Museum of Fine Arts
Art of the Americas
Boston, USA
2007-2010
The MFA, Boston, is one of the world’s preeminent art museums. In the fall of 2010 the MFA opened its Foster & Partners designed New American Wing, a $500 million project ten years in the making.
The project has enriched the ways in which visitors encounter the Museum’s great works of art, improved navigation through its galleries, and enhanced and increased space for the MFA’s encyclopedic collection (400,000 objects), educational programs, conservation facilities and special exhibitions. For the first time since the Museum’s founding in 1870, the art of North, Central and South America are presented together in the New American Wing. The American Wing’s four levels of galleries have been arranged in a broad chronology, beginning with objects from the earliest prehistoric Native American and pre- Columbian collections on the lowest level and traversing through time and genre until visitors experience mid 20th-century works, in all media, on the top floor.

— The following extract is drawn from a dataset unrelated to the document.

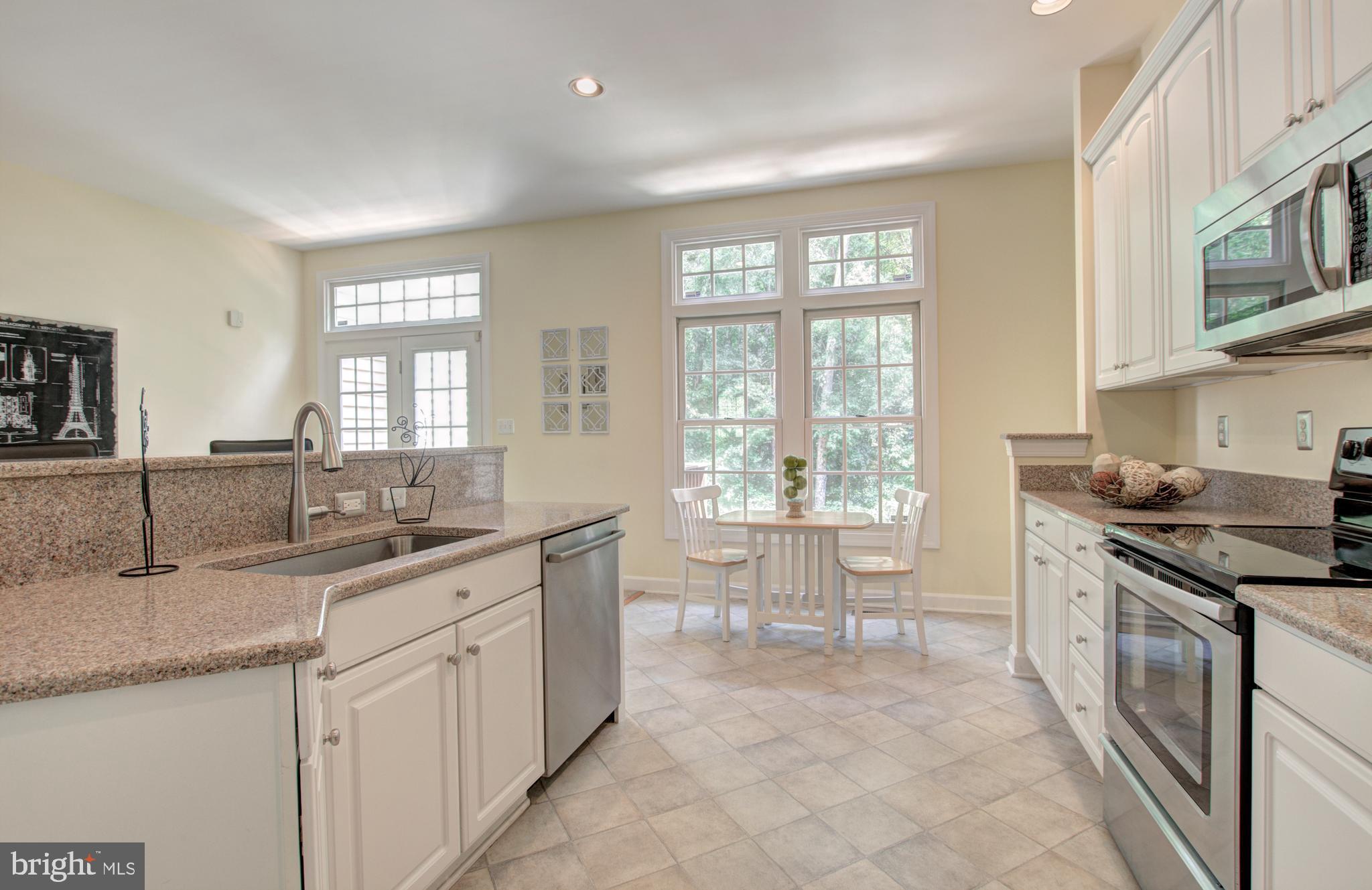6331 Simmer Circle Springfield, VA 22150 - Photo 18 of 41 Kitchen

Flanked by two pavilions, one north and one south, the New American Wing incorporates large areas of glass, making the Museum more transparent and welcoming to neighboring communities, as well as complementing the Museum’s historic architecture.

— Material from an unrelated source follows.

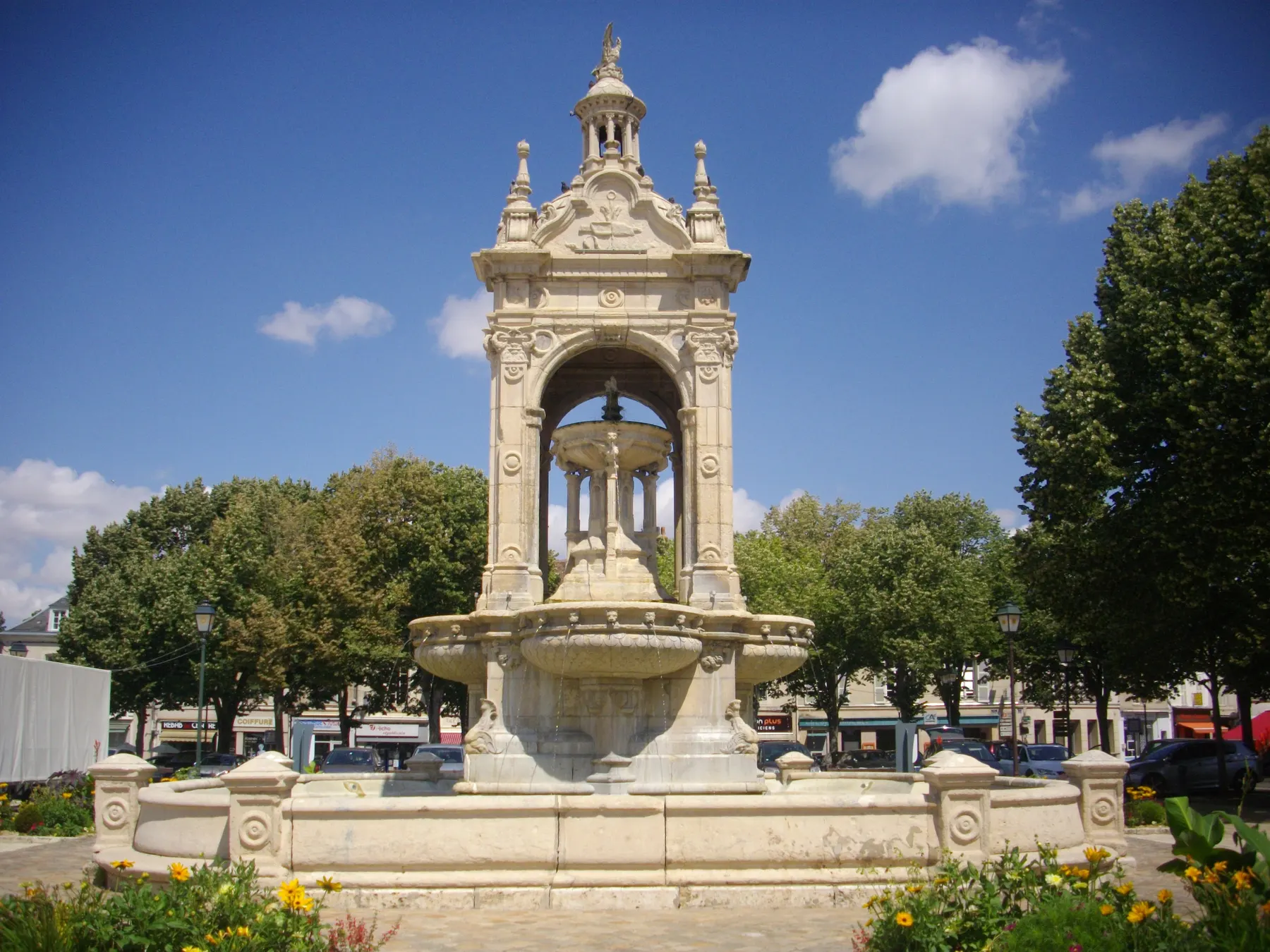 La fontaine de la place du 18-Octobre à Châteaudun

Building design: Foster & Partners Limited, London
Exhibition design: Foster & Partners Limited, London; MFA’s Department of Exhibitions and Design, Boston
The challenge
Goppion was involved in the engineering design, prototyping, cost control, production and installation of the cases for the New American Wing. Working along with the Museum Design Office, Goppion contributed, and continues to contribute, to the renewal of many other galleries in the existing building.
The ultimate goal and challenge of this project was to collaboratively utilize the creative talents and energies of a diverse team to create a superior product and, ultimately, a truly unique visitor experience. Given the scale of the project – over 175 major constructions arrayed over 13,000 square meters and four levels of galleries - the challenge was also to deliver a very large and complex project on budget and on time, integrating for each group of cases the conservation requirements of the Museum, while simultaneously striking the right balance between the concept design of the architects and the needs of the curators. Despite the geographical distance among The MFA, Foster & Partners and Goppion, these goals were achieved by developing a common reference, electronic platform, and “case language” that allowed each member of the team to play its role at the right time and in strong integration with the others.
The solution
The MFA and F&P developed preliminary design concepts and defined the overall project budget. Once we were on board, the gallery design team worked together with Goppion to complete the design and finalize the budget as part of the design development process. During the initial phase Goppion also worked with the MFA on defining the conservation, security, and maintenance criteria. Other considerations such as lighting, case access, object mounting and label installation were further refined with the team as part of the design development process. This process took almost one year. Once the definition of the major case types and “families” was complete, Goppion began the process of prototyping to better understand the physical realities of the various design concepts and the limitations embodied in all the considerations that go into the fabrication and assembly of display cases. As each prototype was completed and evaluated by the team, the design, which had only existed on paper and in drawings, became real.
Following prototyping and final approvals, the production and the installation were organized in relation to the priorities given by the Museum. Technically, some of the case types for the MFA are among our most sophisticated and finest work to date. Glass ‘boxes’ of exceptional scale house ship models, Eames chairs and pre-Columbian art with equanimity. Wall mounted cases with 6-meter-long hoods weighing nearly a ton can be operated by a single curator. Gossamer thin top hinges on the jewel-like display vitrines are invisibly integrated into recesses machined in the top glass. Ultimately, the completed casework stands as a tribute to the ingenuity, skill, and cooperation of the entire team.